Samuel estava quase completamente sem forças quando entrou no elevador do seu prédio no final da noite. Queria ter conseguido uma senha para assistir ao filme que estreava aquela noite no streaming e do qual ele tinha participado, como instrumentista, em algumas músicas da trilha. Fazia tempo. Nem pagou tão bem quanto se poderia esperar, ainda mais considerando a pressão e a quantidade de trabalho. Um vizinho entrou com ele no elevador, o mesmo militante com quem ele já tinha trocado algumas ideias, por afinidades políticas, e que ao longo daqueles anos sempre perguntava sobre sua carreira artística, sem nunca ter tido tempo ou disposição para prestar atenção nela de verdade. Nem foi diferente naquela noite, a pergunta simpática pelo que ele estava fazendo, e então, em vez do filme, ele preferiu contar sobre a Negros Fatos e a proposta da banda de juntar música, performance e poesia, além do novo projeto que estava quase estreando, meio aos trancos e barrancos, graças a uma lei de emergência cultural.

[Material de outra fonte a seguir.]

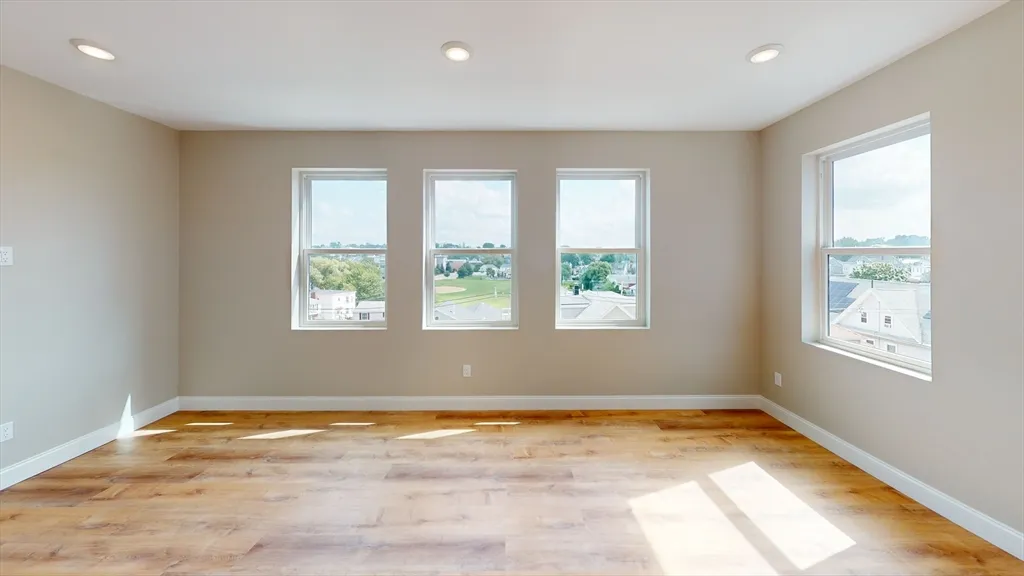 2 bed, 1 bath apartment for rent at 100 Revere Unit 508, Revere Beach — photo 4 of 11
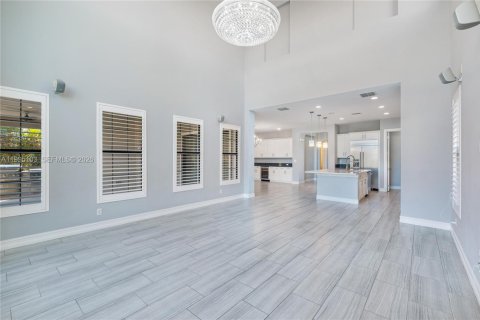 House in Parkland, Florida 5 bedrooms, 343.27 sq.m. № 2066141 - photo 27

O vizinho fez uma cara de aprovação, disse que eles eram muito corajosos de estar fazendo isso em meio a tudo o que está aí e terminou dizendo que antigamente, sim, ele gostava de poesia. Antes de deixar o elevador, olhou para trás com um ar dramático e disse que agora não dava mais, que não tinha mais como, que não existe poesia possível diante da barbárie. Quando a porta do elevador se fechou, a mente de Samuel estava completamente vazia.
Júnior quase voltou para casa quando chegou na casa da namorada e descobriu que ela estava menstruada. Mas ela tinha acabado de pedir comida japonesa para os dois e ele achou que de repente ainda podia ganhar alguma coisa a mais com isso. Mas resistiu a assistir ao filme brasileiro que ela escolheu e que estava estreando no streaming, achando que, brasileiro, só podia ser uma bomba. No fim, acabou que nem foi tanto. Na verdade, ele até se sentiu tocado em algumas cenas, embora não soubesse absolutamente explicar por que. Talvez fosse a trilha sonora. Seu humor até que estava melhor no fim do filme, mas quando a namorada se recusou a um contato mais íntimo, saiu batendo a porta e disse que ia mandar o dinheiro da comida japonesa. Quando chegou em casa, estava com muita vontade de quebrar alguma coisa, mas em vez disso, entrou na internet tentando se distrair um pouco. Entre bons memes, notícias de futebol e mulheres com pouca roupa, sabe Deus por que o algoritmo mostrou a ele a publicação de um tal de Samuel pedindo mais verbas para o setor cultural. Aquilo foi demais para ele. Sem pestanejar, deixou sua opinião nos comentários:
"Acabou a mamata. Sem mi-mi-mi. Vai trabalhar, vagabundo."